Pris dans la tourmente de la perte de valeur des crypto-actifs (cet « hiver crypto » qui se prolonge sans fin), la plateforme FTX est au bord du dépôt de bilan, surtout après le volte-face de Binance, son concurrent qui avait, un temps, proposé de la racheter.
L’écosystème des crypto-actifs est-il en train de s’effondrer, progressivement, comme un château de cartes, ou sommes-nous face à une crise de croissance qui fait tomber les plus fragiles avant une inévitable concentration du secteur ?
L’hiver crypto va-t-il emporter FTX comme un fétu de paille ?
Difficile à dire, car aucun business model et aucun écosystème ne ressemblent à celui des cryptomonnaie et des NFT, de part leur déconnexion de la finance classique, leur aspect décentralisé et libéré de toute régulation, et leur extrême volatilité.
Toujours est-il que cet « hiver crypto », la tempête qui dure depuis quelques mois, et qui a provoqué licenciements, faillites et fin du game pour certaines cryptomonnaies, est en train d’emporter la plateforme d’échange de crypto-actifs FTX.
La société est aux portes du dépôt de bilan, et son président-fondateur, Sam Bankman-Fried, le reconnaît, et assume ses responsabilités. « Profondément désolé d’en être arrivé là », il admet : « C’est ma faute, à moi et moi seul : je suis désolé, même si cela ne rend pas les choses plus faciles ».
8 milliards pour éviter la cessation de paiement
Pour sortir sa société de l’ornière, il aurait besoin à très court terme de 8 milliards de dollars, sous peine d’être en cessation de paiement, et devoir mettre la clé sous la porte.
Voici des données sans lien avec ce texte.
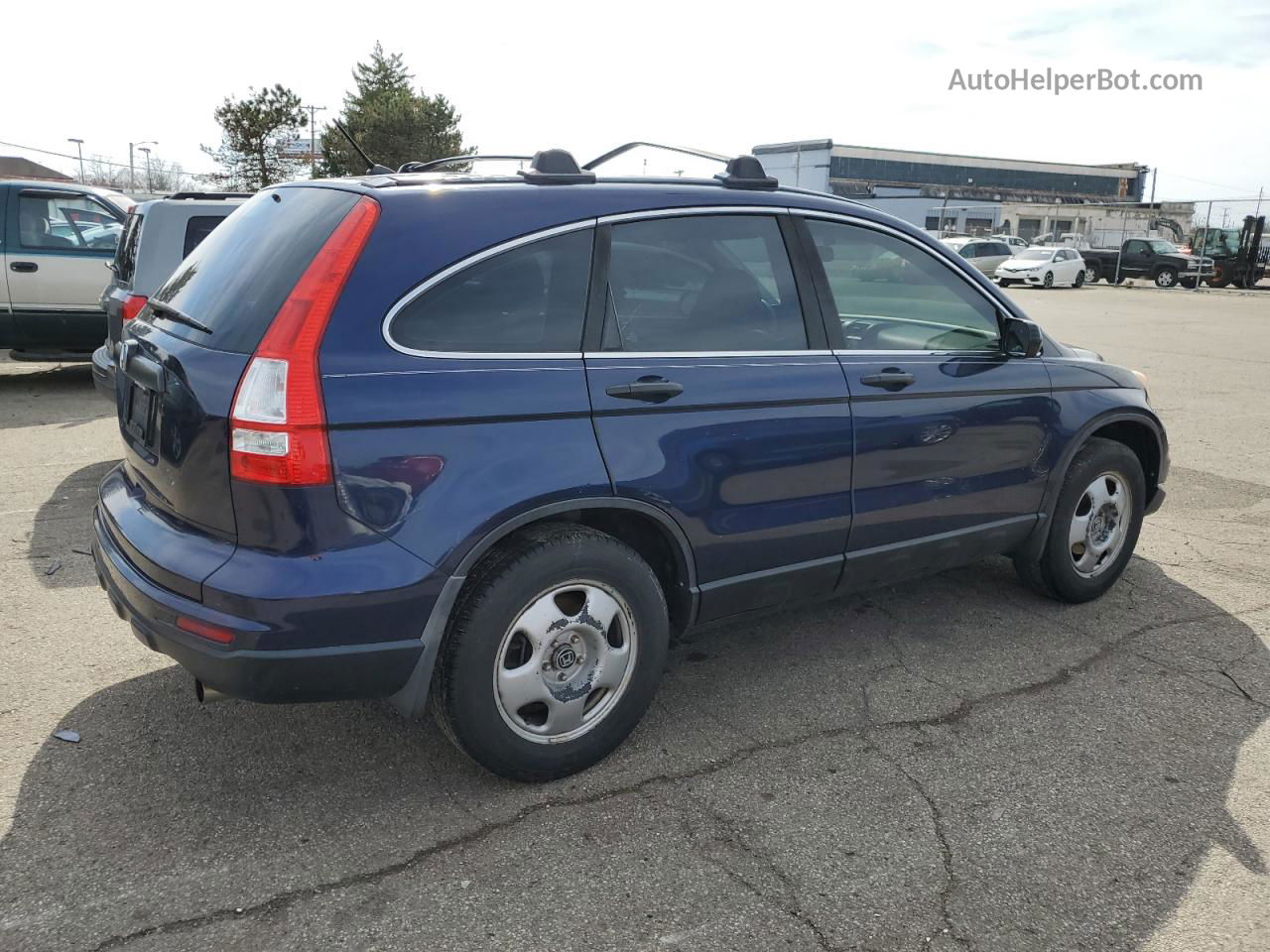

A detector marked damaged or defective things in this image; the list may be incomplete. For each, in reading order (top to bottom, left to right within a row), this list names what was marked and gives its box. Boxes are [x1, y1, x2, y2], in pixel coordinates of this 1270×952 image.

cracked asphalt pavement [2, 286, 1270, 952] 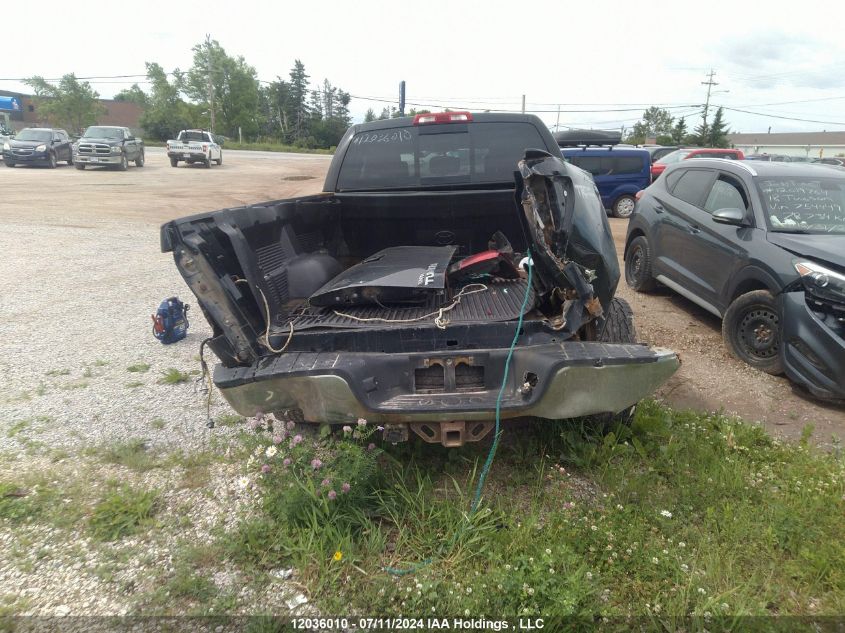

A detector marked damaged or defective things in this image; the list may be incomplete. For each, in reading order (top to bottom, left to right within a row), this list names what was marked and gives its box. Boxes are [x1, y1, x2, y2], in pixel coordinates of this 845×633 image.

damaged pickup truck [160, 112, 680, 444]
damaged grey suv [162, 111, 680, 444] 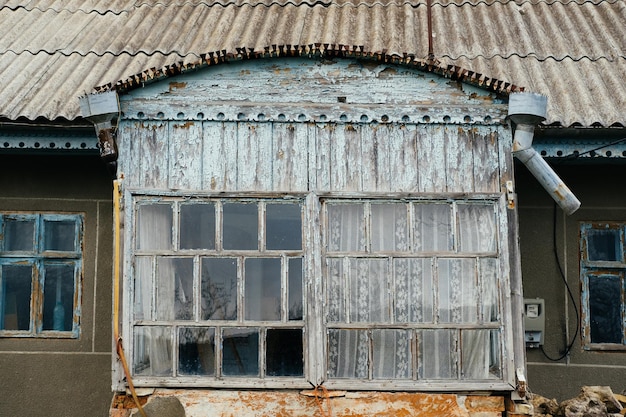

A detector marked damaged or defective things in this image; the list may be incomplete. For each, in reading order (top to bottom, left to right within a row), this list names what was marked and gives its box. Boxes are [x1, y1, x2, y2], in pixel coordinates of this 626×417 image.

rusty roof edge [94, 43, 520, 97]
broken window pane [3, 218, 35, 250]
broken window pane [43, 219, 75, 252]
broken window pane [136, 202, 171, 249]
broken window pane [179, 203, 216, 249]
broken window pane [223, 202, 258, 249]
broken window pane [264, 203, 302, 249]
broken window pane [370, 202, 410, 250]
broken window pane [412, 202, 450, 250]
broken window pane [584, 229, 620, 262]
broken window pane [0, 264, 32, 330]
broken window pane [41, 264, 74, 330]
broken window pane [156, 255, 193, 320]
broken window pane [202, 255, 236, 320]
broken window pane [244, 256, 280, 322]
broken window pane [588, 272, 620, 342]
broken window pane [132, 324, 171, 376]
broken window pane [178, 326, 214, 376]
broken window pane [222, 326, 258, 376]
broken window pane [264, 328, 304, 376]
broken window pane [372, 330, 412, 378]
Pour éviter ce sort à FTX, il explorerait toutes les possibilités, emprunts (mais quelle banque serait assez folle pour se mettre dans une tel guêpier?) ou cession.
Il a proposé à son concurrent Coinbase de le racheter, mais le groupe a décliné. Avec Binance, numéro 1 des plateformes crypto dans le monde, la donne a failli être différente.
Binance retire son offre de rachat
Le plateforme a sérieusement envisagé de racheter FTX. Elle a même rendue publique une offre. Mais, 48 heures seulement après cette annonce, Binance a renoncé à ce projet de sauvetage.
« En conséquence de notre audit et des dernières informations de presse relatives à une mauvaise gestion des fonds de ses clients ainsi qu’à des enquêtes menées par les pouvoirs publics américains, nous avons décidé de ne pas poursuivre le projet d’acquisition de FTX », a indiqué le groupe, dans un communiqué.
Montages financiers baroques
Pourtant championne de l’opacité (personne ne sait exactement où est situé son siège social), Binance a reculé devant le marasme des comptes et des casseroles de FTX. La Securities and Exchange Commission (SEC), l’autorité des marchés financiers américaine, et la Commodity Futures Trading Commission (CFTC), le gendarme boursier américain, enquêtent en effet sur la plateforme.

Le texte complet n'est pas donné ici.